Internal case CPANEL-15309 is open to address an issue where the use of a relative path (e.g. the path does not start with a slash character) as the backup directory for an Rsync transport prevents incremental backups from hard-linking on the remote destination. I'll monitor this case and update this thread with the outcome. In the meantime, the workaround is to update the backup directory path for the rsync destination to the absolute path (e.g. /home/user/path/to/).

Thank you.
 

cPanelMichael

Administrator
Staff member
Apr 11, 2011
47,884
2,250
463
Hello,

To update, the resolutions associated with internal cases CPANEL-15398 and CPANEL-15309 are scheduled for inclusion with cPanel version 68.

Thank you.
 

brt

Well-Known Member
Jul 9, 2015
104
10
68
US
cPanel Access Level
Root Administrator
This is a nuisance, with directories being abandoned on a daily basis. Any chance this can get bumped to a 66 update? (Specifically CPANEL-15398)
 

cPanelMichael

Administrator
Staff member
Apr 11, 2011
47,884
2,250
463
This is a nuisance, with directories being abandoned on a daily basis. Any chance this can get bumped to a 66 update? (Specifically CPANEL-15398)
There are currently no plans to backport the patch to cPanel version 66, however the following steps are available as a temporary workaround:

1. Open /usr/local/cpanel/Cpanel/Transport/Files/Rsync.pm via the command line in the text editor of your preference.

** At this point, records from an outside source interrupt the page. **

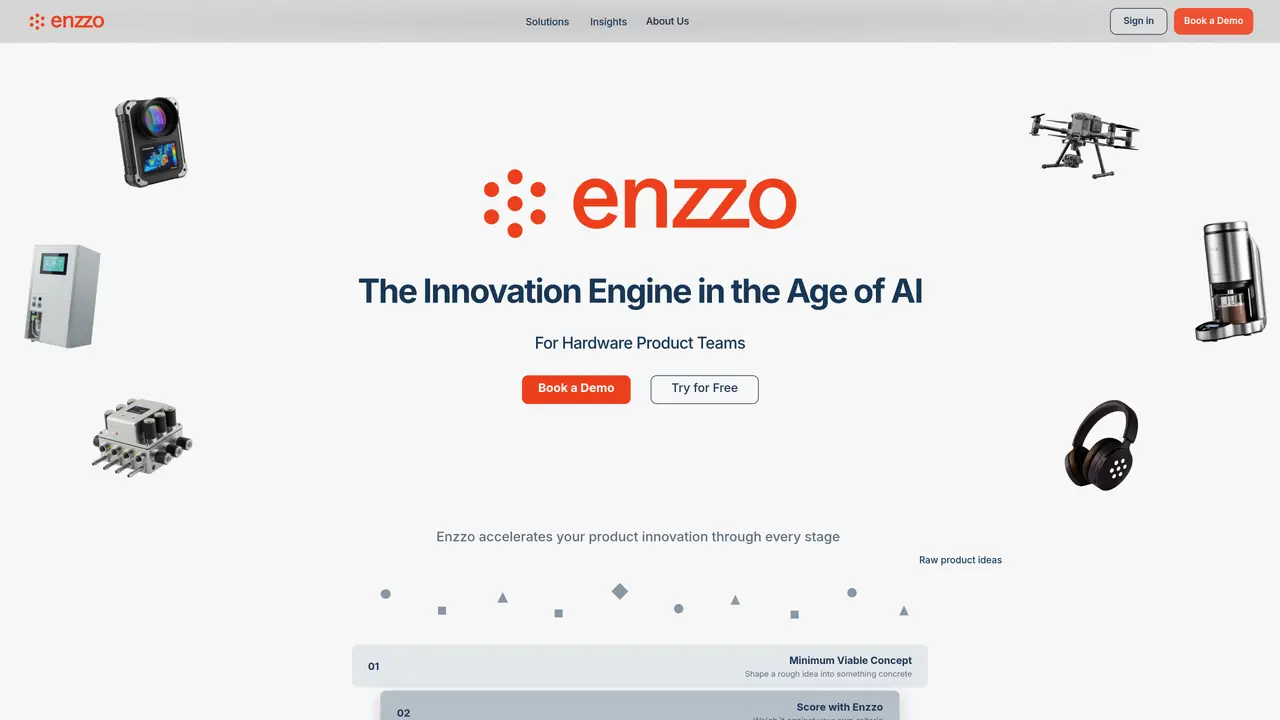 Enzzo featured image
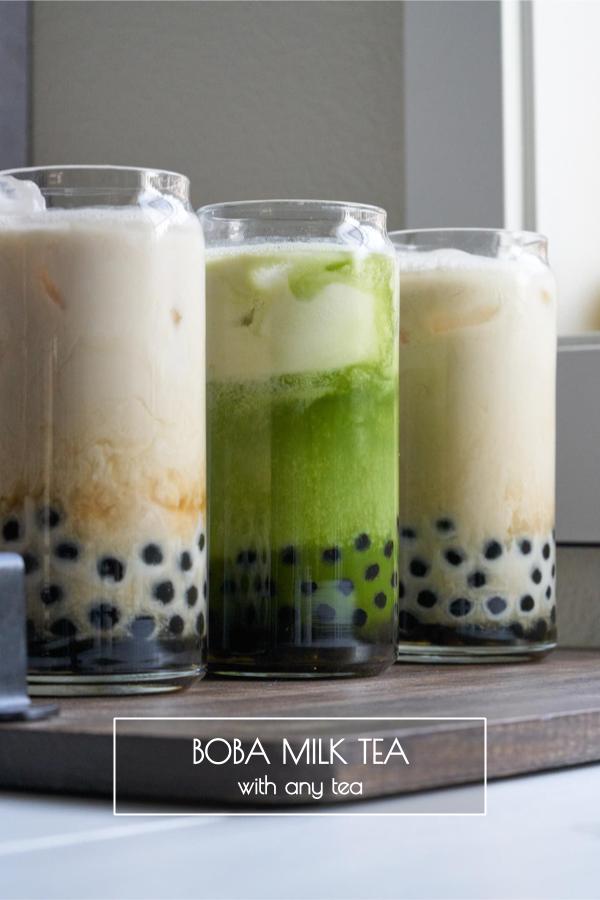 How to Make Bubble Tea (Easy Boba Tea Recipe) - An Edible Mosaic™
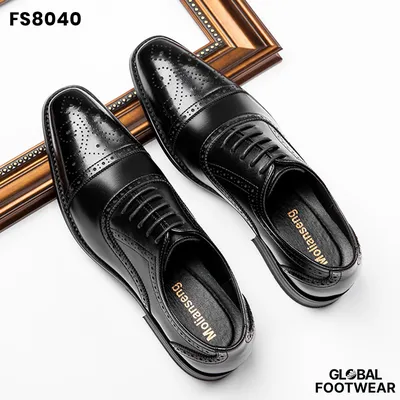 Brogue Men's Carved Genuine Leather Formal Shoes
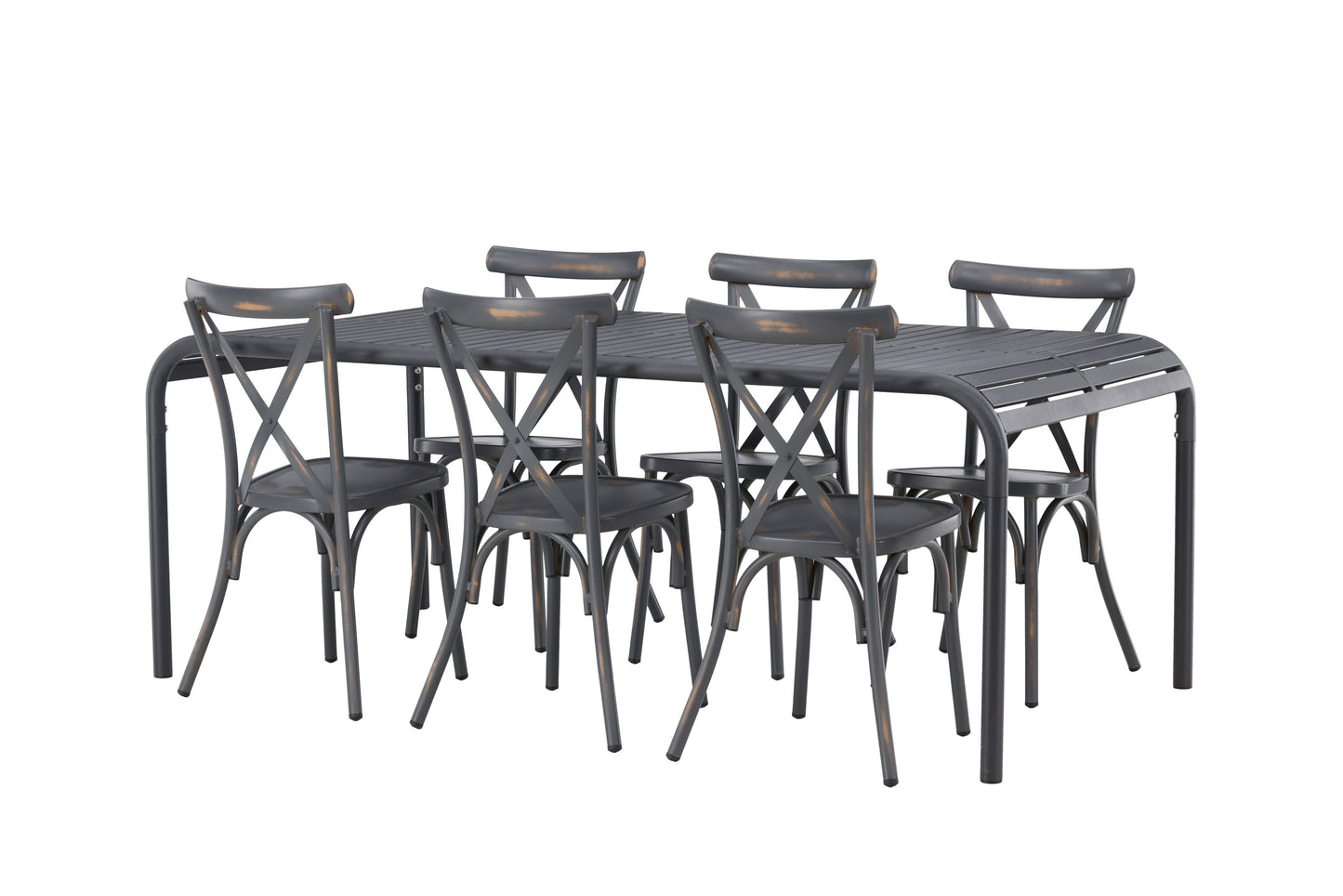 Borneo Matbord med Tablas Stolarna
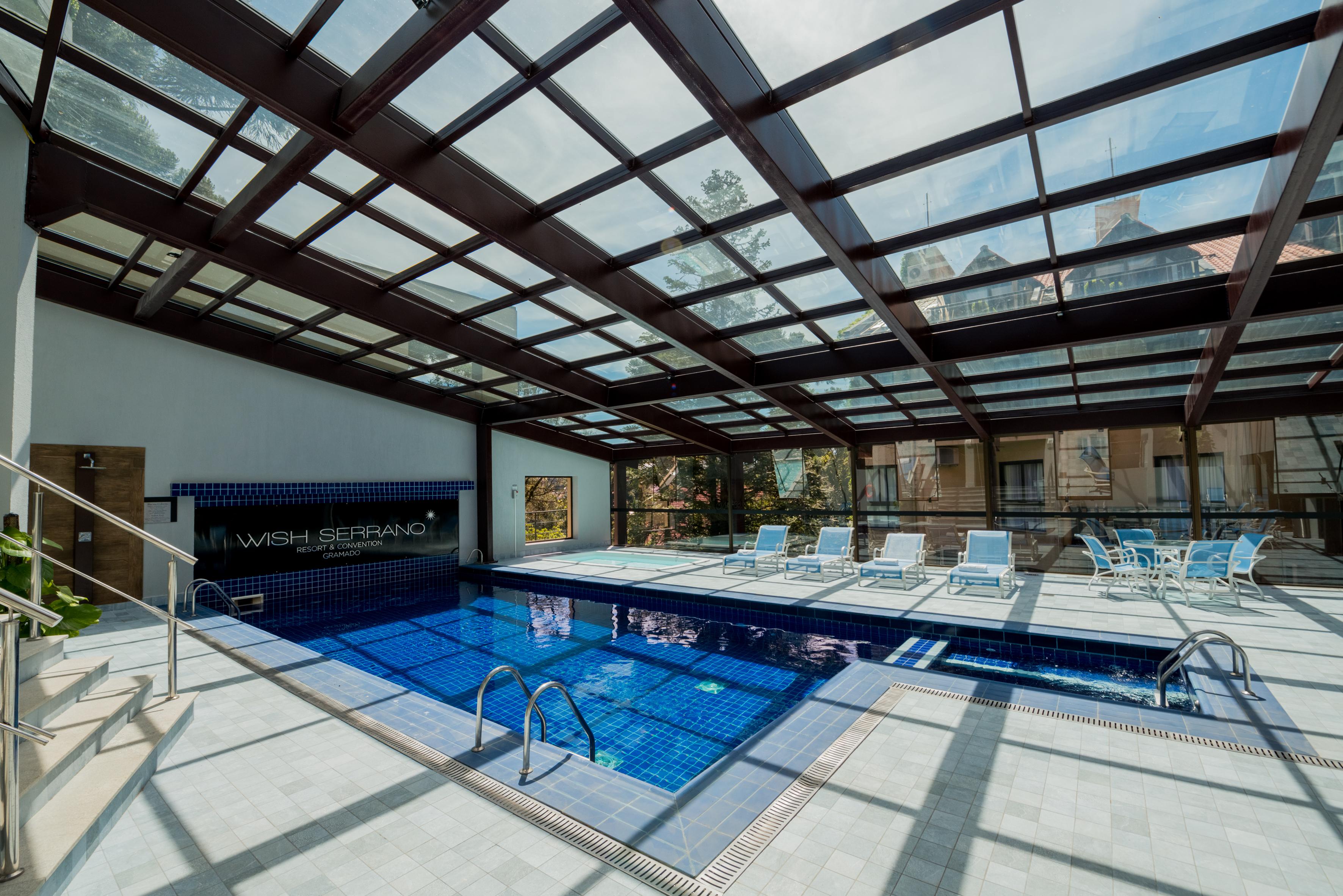 维希塞拉诺酒店 格拉玛多 外观 照片 Swimming pool
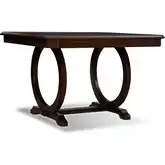 Brigham 54" Square Gathering Dining Table in Chery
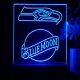 Seattle Seahawks Blue Moon LED Desk Light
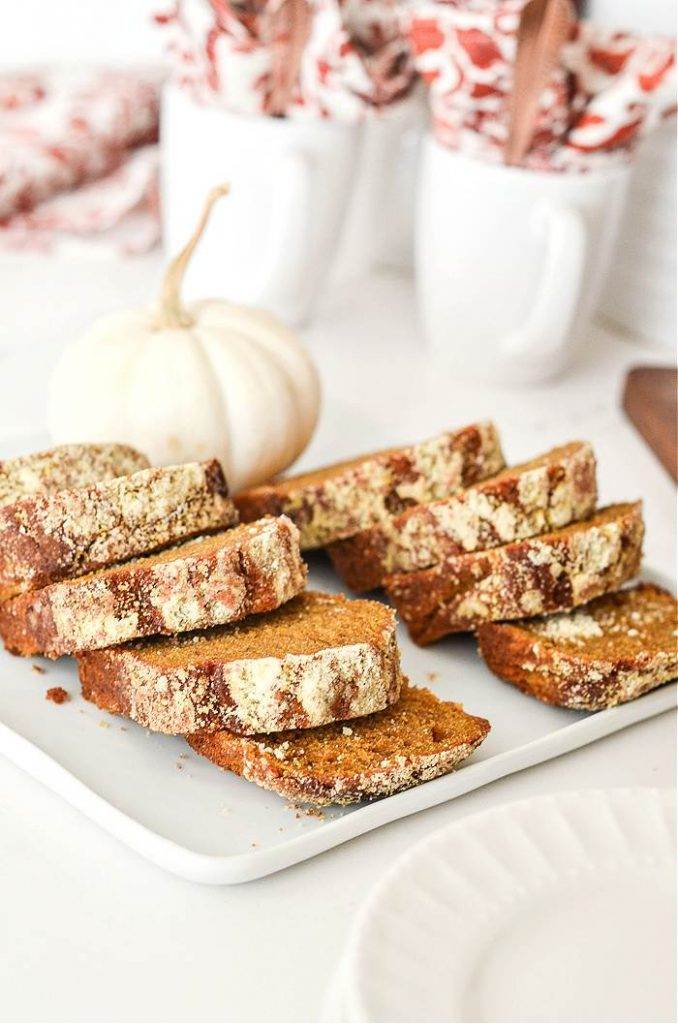 FALL COFFEE BAR ON A KITCHEN COUNTER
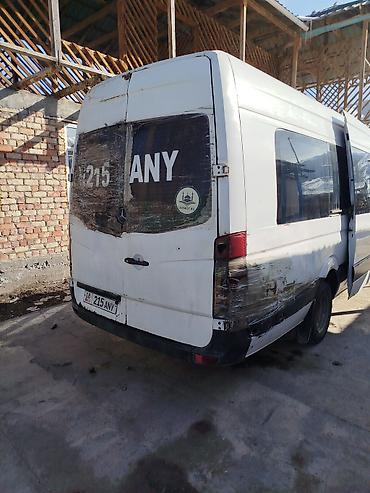 Пассажирский бус на заказ: Микроавтобус Mercedes-Benz Sprinter (длинная/высокая база) — — 5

2. Locate the following line:

Code:
my $res = $self->{'rsync_obj'}->capture( { timeout => 10, tty => 1 }, "rm -rf $path" );
3. Modify the "10" entry in this line to "300":

Code:
my $res = $self->{'rsync_obj'}->capture( { timeout => 300, tty => 1 }, "rm -rf $path" );
4. Save the file.

Let us know if this helps.

Thank you.
 

brt

Well-Known Member
Jul 9, 2015
104
10
68
US
cPanel Access Level
Root Administrator
This hasn't helped at all. *No* backups on the remote server are deleted (and I'm obviously considering the retention settings -- they're obeyed properly on the primary server).

Backups complete just fine, but I have to manually delete previous backups every single time or they just stick around.